4 클래스와 객체 지향 프로그래밍

4.1 객체 비교: is vs ==

비교 연산자 is와 ==의 차이를 알아보자.

is: 같은 메모리 주소를 가리키는지 확인.
==: 값이 같은지 확인.

a = [1, 2, 3]
b = a            # 동일한 메모리 주소를 가리킨다.
c = list(a)      # c: a의 복사본

위 예시에서 a와 b, a와 c를 비교하면 is, ==의 결과가 다르게 나온다.

# is 비교
a is b   # True
a is c   # False

# == 비교
a == b   # True
a == c   # True

4.2 str vs repr

Python에서 class를 만들고 print({객체명})을 입력 시 memory address가 출력된다.

class Car:
    def __init__(self, color, mileage):
        self.color = color
        self.mileage = mileage

my_car = Car('red', 37281)
print(my_car)                   # <__console__.Car object at 0x109b73da0>

이를 방지할 수 있는 게 __str__, __repr__인데, 정답부터 말하면 __repr__을 쓰는 편이 낫다.

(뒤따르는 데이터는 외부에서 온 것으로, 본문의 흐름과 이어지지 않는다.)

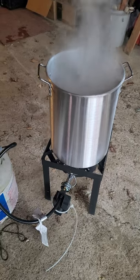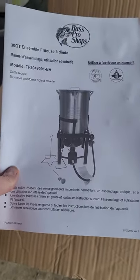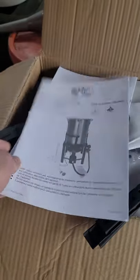Hello YouTube world, short and to the point. I bought this piece of shit from Bass Pro Shop. It didn't come with all the parts, which was really cool. I don't really care about that. It had this stupid timer on it.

double underscore(__)로 표시한 method를 magic method(dunder method)라고 부른다. 참고로 dunder는 double under의 약자.

4.2.1 str

우선 __str__을 추가한 버전을 보자.

class Car:
    def __init__(self, color, mileage):
        self.color = color
        self.mileage = mileage

    def __str__(self):
        return f'a {self.color} car'

my_car = Car('red', 37281)
print(my_car)                   # a red car
my_car                          # <__console__.Car object at 0x109b73da0>

이번에는 my_car를 입력 시 memory address를 출력한다.

4.2.2 repr

다음은 __repr__을 추가한 버전이다.

__str__ method를 추가하지 않으면, __str__을 사용해야 할 때도 __repr__을 사용한다. 따라서 최소한의 구현으로 __repr__을 두는 것이 좋다.

class Car:
    def __init__(self, color, milege):
        self.color = color
        self.milege = milege

    def __repr__(self):
        return '__repr__ for Car'

    def __str__(self):
        return '__str__ for Car'


my_car = Car('red', 37281)
print(my_car)                      # __str__ for Car
'{}'.format(my_car)                # __str__ for Car
my_car                             # __repr__ for Car

이번에는 my_car를 입력 시, __repr__에서 정의한 대로 출력이 반환되었다.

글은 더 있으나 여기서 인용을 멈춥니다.